Home for the holidays

It's that time of year again. End of year deadlines, terrible weather, ugly sweaters. Awful holiday beers start popping up at my friends' parties. The sun stops making appearances. My dog gets less exercise and becomes irritable. Ordinarily sane people turn into maniacs. (If you don't believe me, simply search for videos on YouTube titled "Black Friday shoppers".)

But it's not all bad. Christmas actually happens to be one of my favorite holidays. In my case, it's one of the only times I get to put all my work and daily stresses aside for a few days and spend time with friends and family I haven't seen in too long. Christmas is the bright spot in the black hole of an otherwise dreary few months.

Like some of you, I'll be going back to my birthplace for Christmas. As soon as the work day ends on the Friday before Christmas (I'm guessing about 10 p.m.), I'll pack my car to the hilt with gifts, grab my wife and dog, and brave the cold, dark and icy drive to my original hometown, so I can spend time with my parents, brother, and some other relatives and close family friends.

One of my good friends from back home, Jack, will also be spending Christmas dinner with us. He knows my family well, so he fully understands they are, to put it mildly, eccentric. When you go to my parents' house, you can expect to encounter quite the cast of characters: on any given day, you'll find everyone from judges to down-on-their-luck electricians and automobile repairmen to philosophizing coffee shop owners and flamboyant hairdressers - the one common thread being that each has a larger-than-life personality.

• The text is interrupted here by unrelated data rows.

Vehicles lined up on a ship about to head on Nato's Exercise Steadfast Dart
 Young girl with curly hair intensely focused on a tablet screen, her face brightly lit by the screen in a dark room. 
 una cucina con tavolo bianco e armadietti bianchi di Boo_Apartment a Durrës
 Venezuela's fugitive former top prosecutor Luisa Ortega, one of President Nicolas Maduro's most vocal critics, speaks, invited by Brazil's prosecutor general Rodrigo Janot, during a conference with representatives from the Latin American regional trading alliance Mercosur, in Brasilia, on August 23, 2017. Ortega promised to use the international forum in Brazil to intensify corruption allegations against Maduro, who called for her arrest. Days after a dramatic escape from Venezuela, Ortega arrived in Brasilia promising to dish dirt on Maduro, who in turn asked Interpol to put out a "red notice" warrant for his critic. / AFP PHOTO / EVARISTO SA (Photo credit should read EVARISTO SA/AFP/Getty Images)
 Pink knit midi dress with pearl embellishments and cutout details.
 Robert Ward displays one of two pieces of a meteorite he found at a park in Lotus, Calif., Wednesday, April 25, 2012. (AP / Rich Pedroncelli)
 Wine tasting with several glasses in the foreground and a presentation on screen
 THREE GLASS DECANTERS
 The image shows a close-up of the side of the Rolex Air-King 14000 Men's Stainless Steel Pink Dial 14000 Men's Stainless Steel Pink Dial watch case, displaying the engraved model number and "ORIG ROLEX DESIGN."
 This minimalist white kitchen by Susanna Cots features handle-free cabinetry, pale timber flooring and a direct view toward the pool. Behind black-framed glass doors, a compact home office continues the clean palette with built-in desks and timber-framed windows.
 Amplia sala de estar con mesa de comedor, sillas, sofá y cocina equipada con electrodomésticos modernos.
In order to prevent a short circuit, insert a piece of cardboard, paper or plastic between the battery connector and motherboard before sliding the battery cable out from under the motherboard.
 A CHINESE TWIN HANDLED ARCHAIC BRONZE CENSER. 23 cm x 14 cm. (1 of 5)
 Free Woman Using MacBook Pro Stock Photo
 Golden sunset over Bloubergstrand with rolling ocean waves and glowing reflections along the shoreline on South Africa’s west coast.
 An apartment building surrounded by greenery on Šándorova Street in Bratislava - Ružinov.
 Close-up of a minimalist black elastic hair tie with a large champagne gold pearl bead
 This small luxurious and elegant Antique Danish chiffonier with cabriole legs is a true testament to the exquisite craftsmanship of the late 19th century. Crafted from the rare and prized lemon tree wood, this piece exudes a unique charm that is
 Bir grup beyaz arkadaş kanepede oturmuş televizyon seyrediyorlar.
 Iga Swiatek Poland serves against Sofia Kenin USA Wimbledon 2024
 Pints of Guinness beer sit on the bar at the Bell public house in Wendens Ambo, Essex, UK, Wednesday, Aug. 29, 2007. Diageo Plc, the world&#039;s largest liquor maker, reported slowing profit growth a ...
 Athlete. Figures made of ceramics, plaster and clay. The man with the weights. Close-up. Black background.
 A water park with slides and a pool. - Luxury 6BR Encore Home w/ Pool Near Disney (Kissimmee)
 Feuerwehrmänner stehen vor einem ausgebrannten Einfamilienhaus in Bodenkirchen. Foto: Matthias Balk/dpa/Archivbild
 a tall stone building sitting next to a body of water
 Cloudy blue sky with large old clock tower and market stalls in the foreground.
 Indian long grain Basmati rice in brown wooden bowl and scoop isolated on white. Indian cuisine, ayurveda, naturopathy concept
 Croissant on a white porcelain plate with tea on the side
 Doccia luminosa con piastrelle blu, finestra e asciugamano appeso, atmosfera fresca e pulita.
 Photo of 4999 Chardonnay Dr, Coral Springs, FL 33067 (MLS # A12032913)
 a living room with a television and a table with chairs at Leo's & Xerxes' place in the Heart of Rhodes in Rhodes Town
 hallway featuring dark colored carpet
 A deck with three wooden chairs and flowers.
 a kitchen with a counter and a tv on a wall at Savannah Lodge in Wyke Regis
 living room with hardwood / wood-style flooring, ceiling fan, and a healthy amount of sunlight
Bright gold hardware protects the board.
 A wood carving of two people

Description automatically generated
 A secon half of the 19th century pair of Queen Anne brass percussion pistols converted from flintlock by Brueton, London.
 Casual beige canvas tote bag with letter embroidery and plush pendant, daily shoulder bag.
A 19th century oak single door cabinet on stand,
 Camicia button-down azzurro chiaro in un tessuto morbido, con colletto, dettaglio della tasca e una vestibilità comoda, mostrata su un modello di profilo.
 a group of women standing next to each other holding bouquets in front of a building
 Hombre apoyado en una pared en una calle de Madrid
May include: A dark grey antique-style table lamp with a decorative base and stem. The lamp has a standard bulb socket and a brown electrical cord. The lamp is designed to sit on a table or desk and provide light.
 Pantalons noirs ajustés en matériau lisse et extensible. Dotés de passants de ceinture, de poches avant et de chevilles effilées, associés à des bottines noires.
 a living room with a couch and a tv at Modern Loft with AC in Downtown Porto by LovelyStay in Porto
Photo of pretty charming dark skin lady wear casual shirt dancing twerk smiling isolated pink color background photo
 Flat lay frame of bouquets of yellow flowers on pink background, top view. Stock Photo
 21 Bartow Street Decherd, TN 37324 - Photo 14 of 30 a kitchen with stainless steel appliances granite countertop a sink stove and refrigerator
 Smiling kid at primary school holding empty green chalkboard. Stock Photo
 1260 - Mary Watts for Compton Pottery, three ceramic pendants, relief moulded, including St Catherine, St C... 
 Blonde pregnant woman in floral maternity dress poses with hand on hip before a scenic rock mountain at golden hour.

It's never dull, but if you're not prepared for it, it can be quite a shock to the system.

When Jack first heard I'd be coming home, he sent me a few internet articles centering on the general theme of "tips for surviving Christmas with your family." Maybe it was his passive aggressive way of saying I hadn't been home recently enough; that somehow I'd forgotten how crazy holidays could get at my house. I prefer to believe he intended his tips for my wife, Laura. Laura absolutely adores my family, but hasn't yet met all the folks who will be joining us for Christmas.

Regardless of the motivations for Jack's email, it was immediately clear that the articles he sent didn't really capture, and couldn't fully prepare someone for, Christmas with me and my family. The articles included tips like "let the head of the house carve the turkey or ham so as to avoid unnecessary conflict" and "bring your own pillows if you have neck problems." Seriously? Are these the types of things most people fret over in advance of a trip home for the holidays?

Using my sharply honed legal skills of document analysis, I concluded that Jack's email revealed that he, rather than Laura or me, was the one in serious need of a list of survival tips. I thus switched into full-on lawyer mode and prepared to provide the much needed, meaningful advice in this situation: after all, the specter of legal liability is a risk of our "unconventional" family get-togethers, which should be both minimized to the degree possible and also fully disclosed. Joining us gives the phrase "assumption of the risk" a whole new meaning.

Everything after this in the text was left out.